The Cabinet minister said countries like Spain, America, France had seen similar rises in positive cases among young people, which had then led to increased hospitalisations and deaths among older people.

“Crucially, we all have a part to play,” he said.

“Young people don't just spread the virus to each other, they spread the virus to their parents and their grandparents. 

“They spread it to those they come in contact with and to others who they love. 

“Now I know social distancing can be hard, and how it can be extra tough for students who will be starting University, but please stick with it and play your part in getting this virus under control.”

It comes after the entire Cabinet received an update from Chief Medical Officer Professor Chris Whitty, and Chief Scientific Officer Sir Patrick Vallance on the coronavirus response, after figures showed almost 3,000 new cases were recorded across the UK yesterday.

After the meeting, a spokesman for Boris Johnson said: “The prime minister cautioned that in other countries which had seen an increase in infections, this was followed a number of weeks later by a rise in hospitalisations.

“The PM said that what had taken place elsewhere was that young people had gone on to infect older generations, who had become seriously ill, and it was vital to ensure that did not happen here.

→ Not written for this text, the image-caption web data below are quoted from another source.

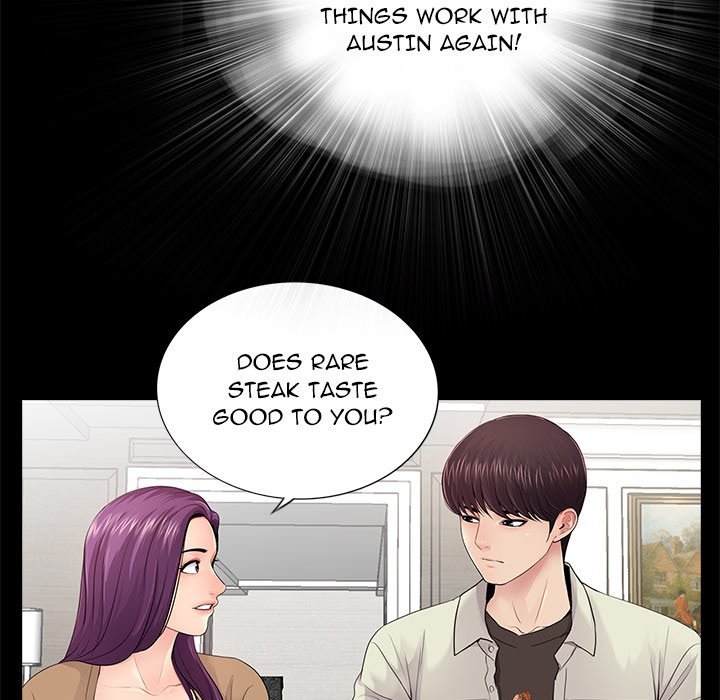 Page 49 of Chapter 13
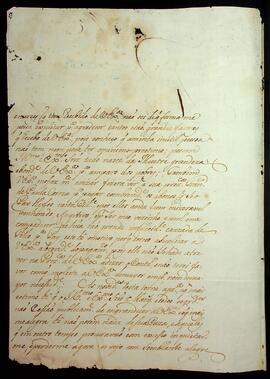 BR MTAPMT SG-CA-0523 2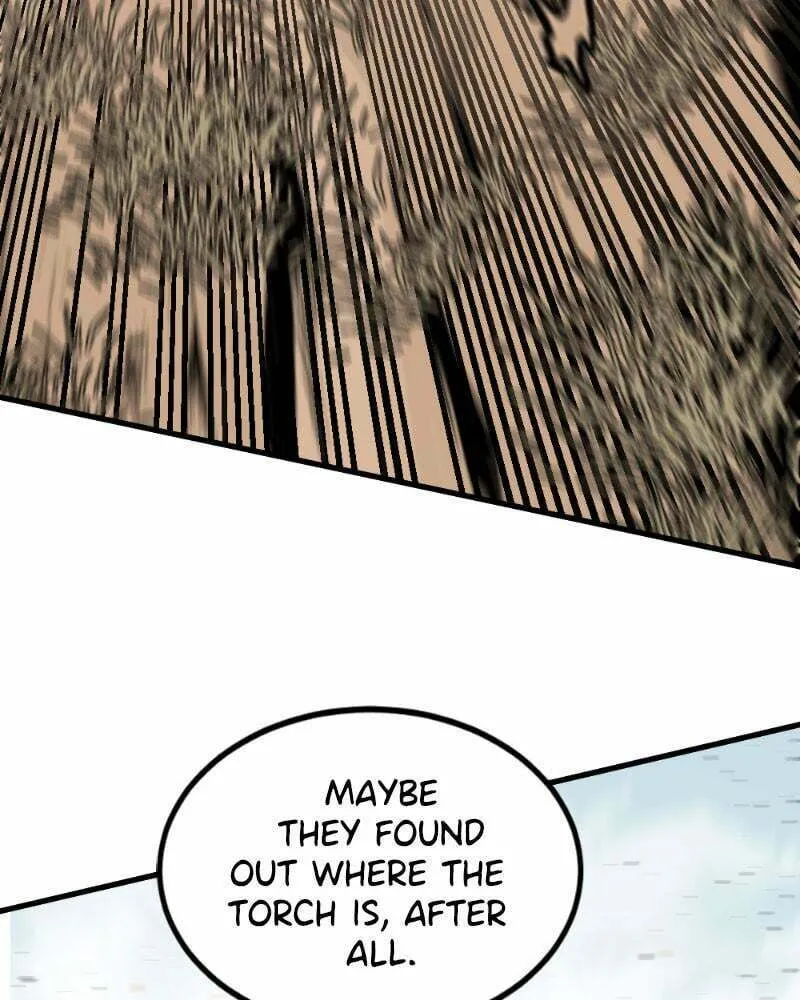 Hero Killer Chapter 73 page 73 - 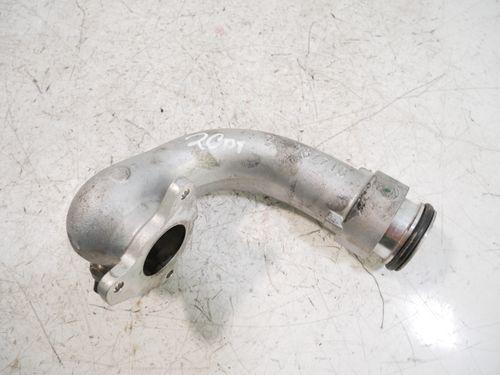 Direction pour Audi 3,0 TDI CVUB CVUA CVU 787710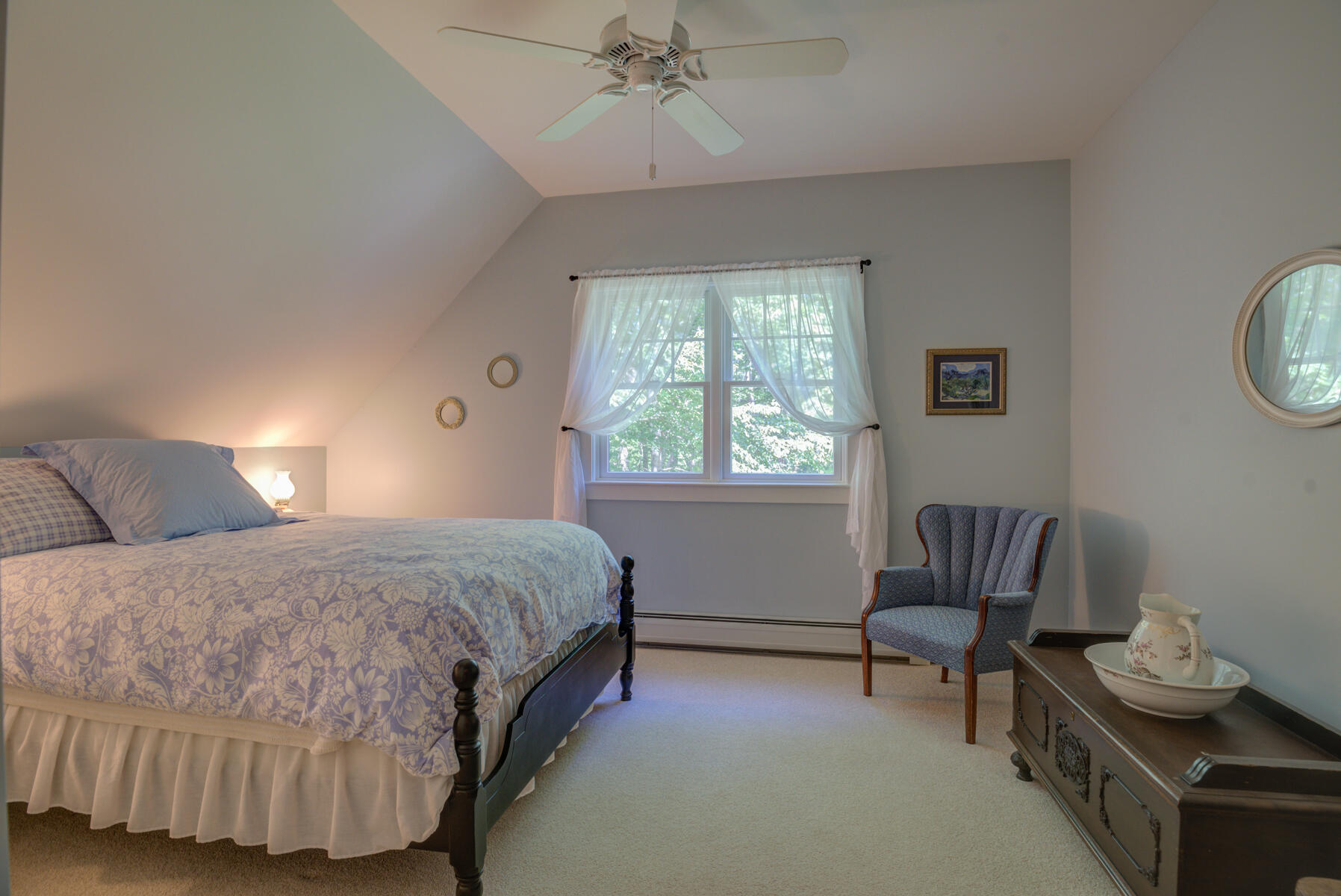 2 Rokonomo Way Cape Neddick, ME 03902 - Photo 30 of 44 Pic#-42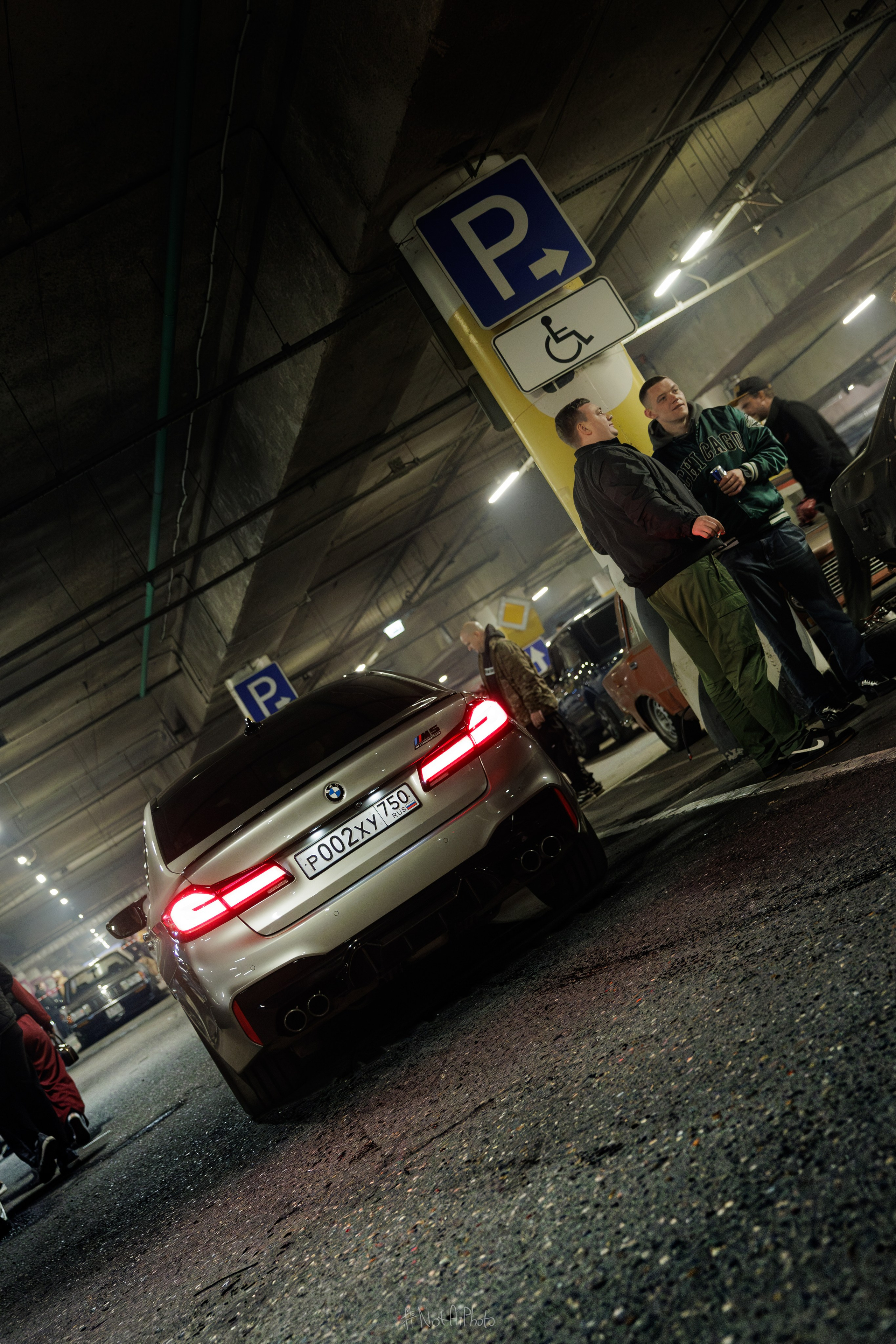 DNB 02.05.2026. #NotAiPhoto — автомобильный фотограф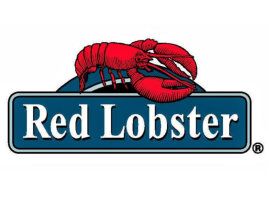Red Lobster, 1324 Silas Deane Highway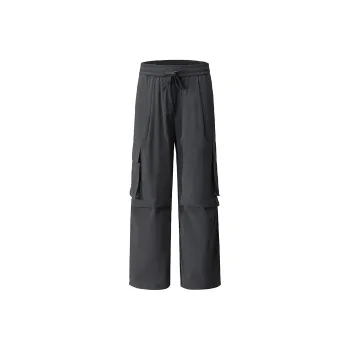 Zanzas Casual Pants Men
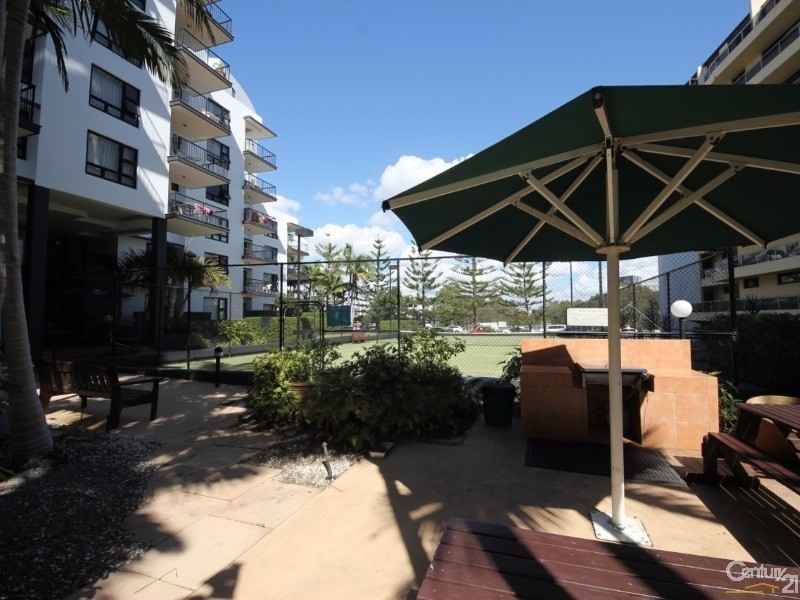 505/30 Surf Parade, Broadbeach QLD 4218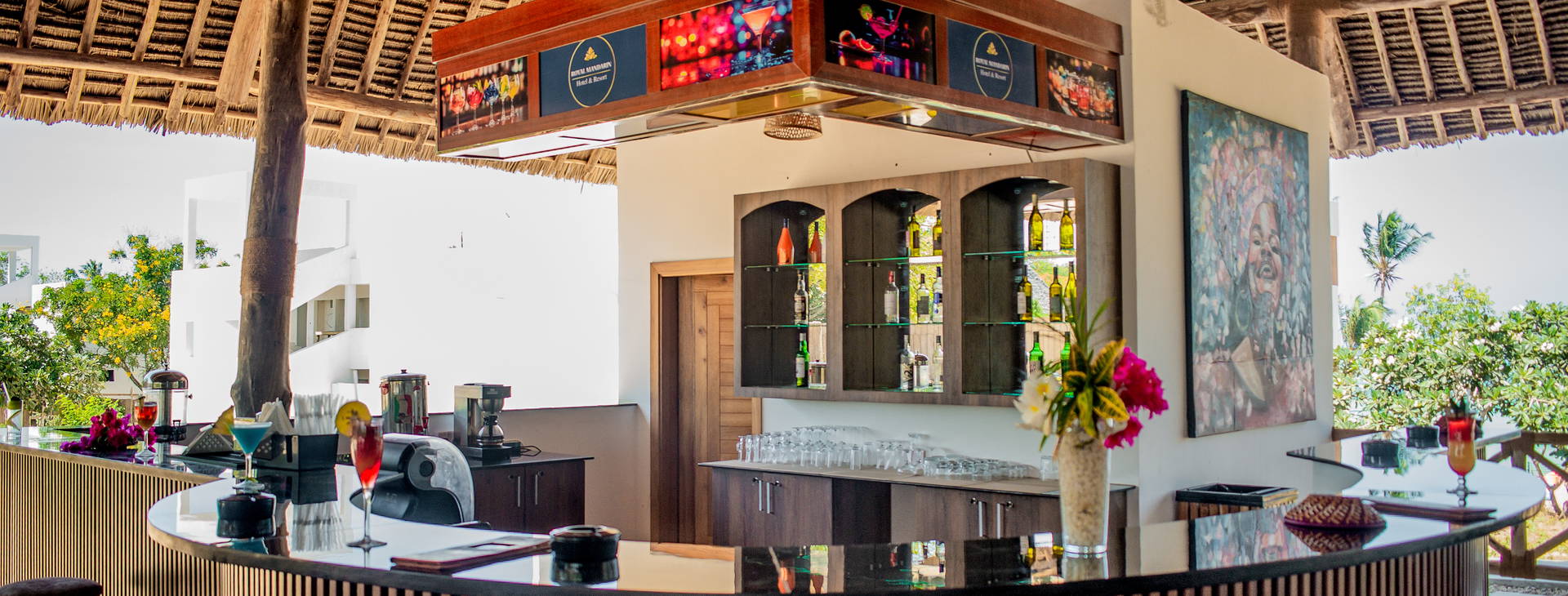 Royal Mandarin Obrázek26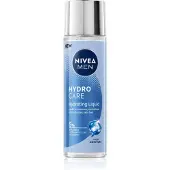 Nivea MEN Hydrocare fluide léger hydratant 100 ml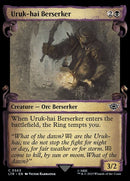 563-urukhaiberserker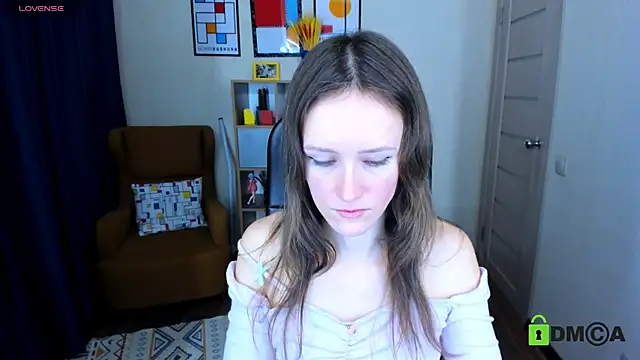 FrancescaCollins online show from 01.29.25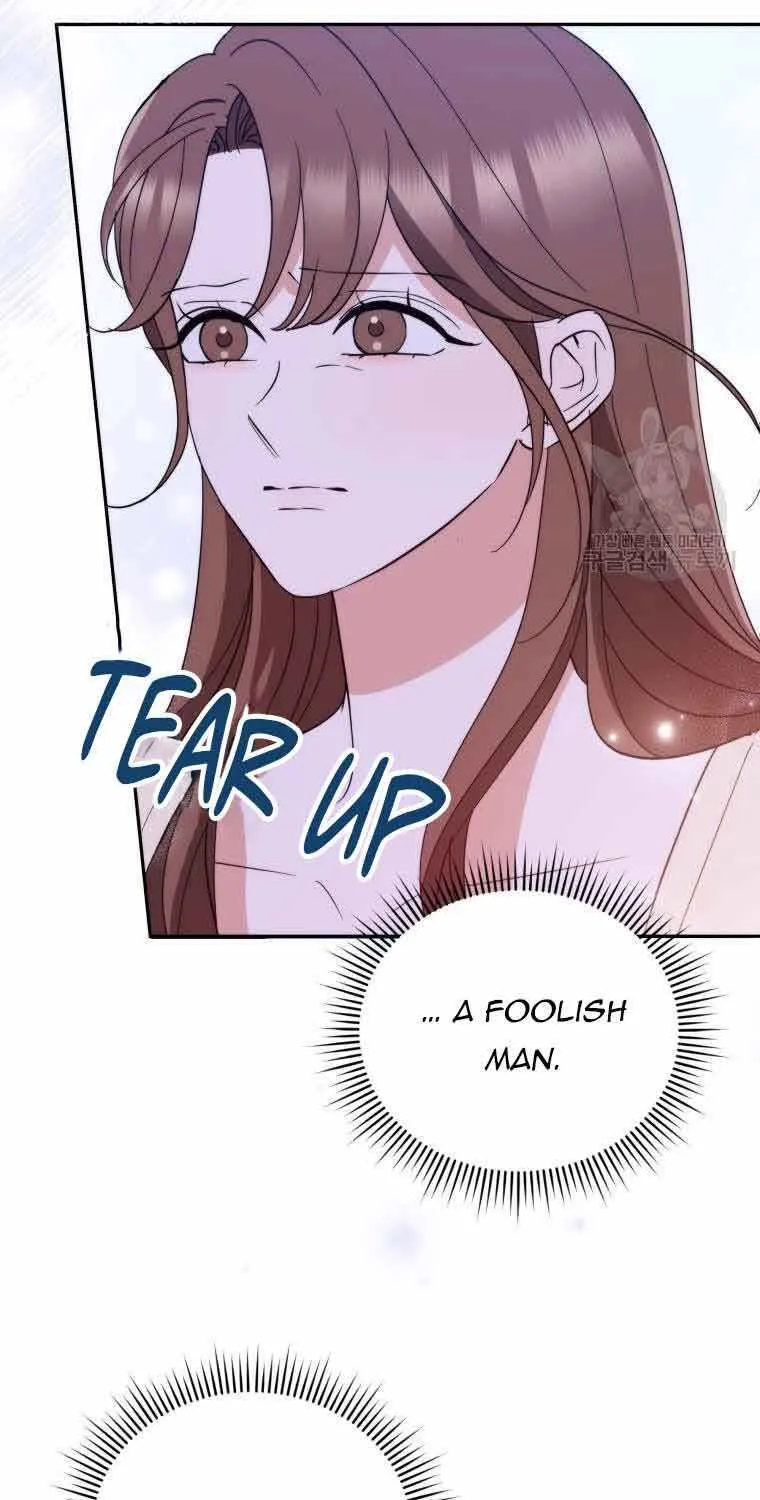 Chapter 39 — page 34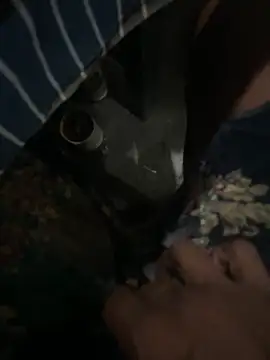 Aash Slave Boy online show from February 23, 10:11 pm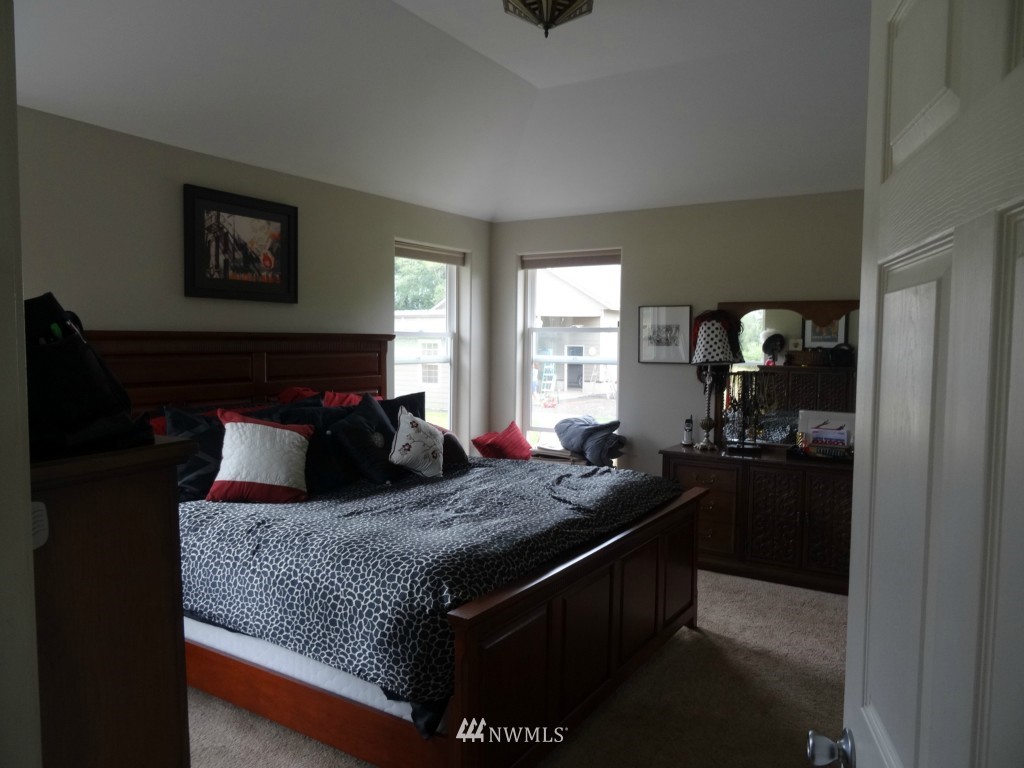 4501 Tresize Road Raymond, WA 98577 - Photo 11 of 15 Gallery Image 11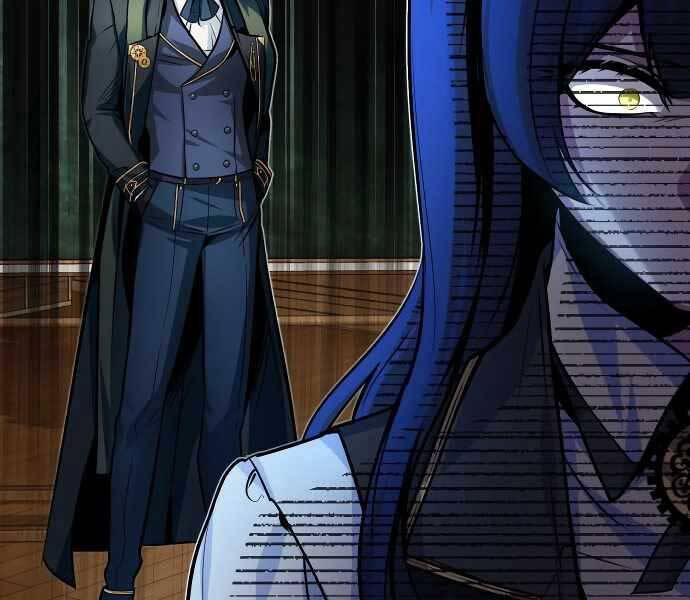 Truyện Tranh Giáo Sư Gián Điệp trang 5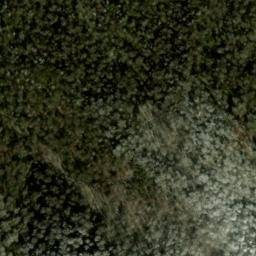 Satellite imagery of Silers Lead, US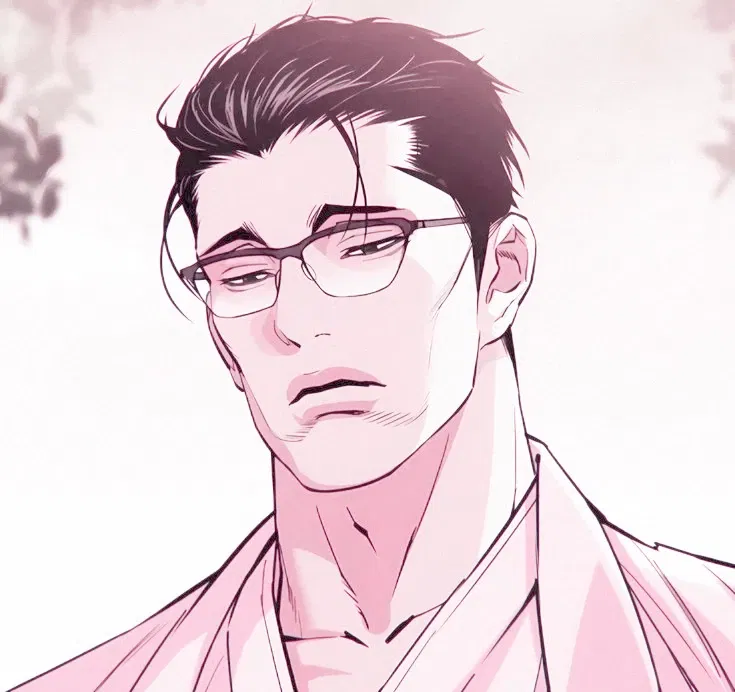 Avatar of Shintaro Yamazaki 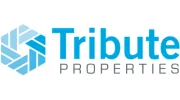 Tribute Companies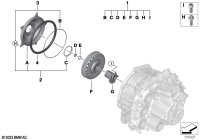 28008699970-Cap comp., cond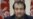 Afghan Election Commission Releases Final Election Results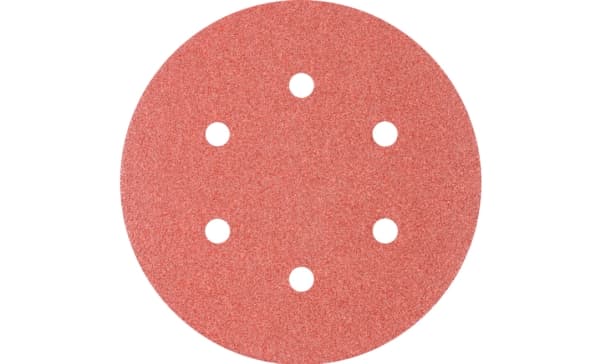 PFERD 45017108, 80 g, 25 styck
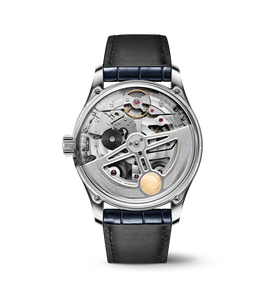 Style International <b>Watch</b> Luxury Men's Quartz Business Stainless Casual <b>Watches</b> Classic Sports Alloy Leather Wrist Strap iwcs - Product Image 2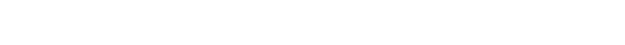 Lovely Mothers Sans preview for Lovely Mothers Font Duo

“The PM said the government must remain extremely vigilant and ensure that there was no complacency from the public, and young people in particular, in following the guidance on how to prevent the virus from spreading.”

And Mr Hancock said in his statement that “just because we've come through one peak, it does not mean we cannot see another one coming”.

The health secretary also said problems with coronavirus testing capacity - which have seen people either unable to book a test or being directed to a testing centre hundreds of miles away - could take weeks to solve.

Appearing earlier on Tuesday in front of the Commons health select committee, he was asked about director of testing Sarah-Jane Marsh's tweet apologising for the problem, and replied: "We are working incredibly hard.

"We are doing everything we can. We have had these operational issues that I have talked about, we have had a problem with a couple of contracts and we discussed some of that in the House of Commons.

"But it's a matter of a couple of weeks until we can get all of that sorted in the short term.”

Earlier, Ms Marsh had posted on Twitter: "Can I please offer my heartfelt apologies to anyone who cannot get a Covid test at present. 

“All of our testing sites have capacity, which is why they don’t look overcrowded, its our laboratory processing that is the critical pinch-point. We are doing all we can to expand quickly.”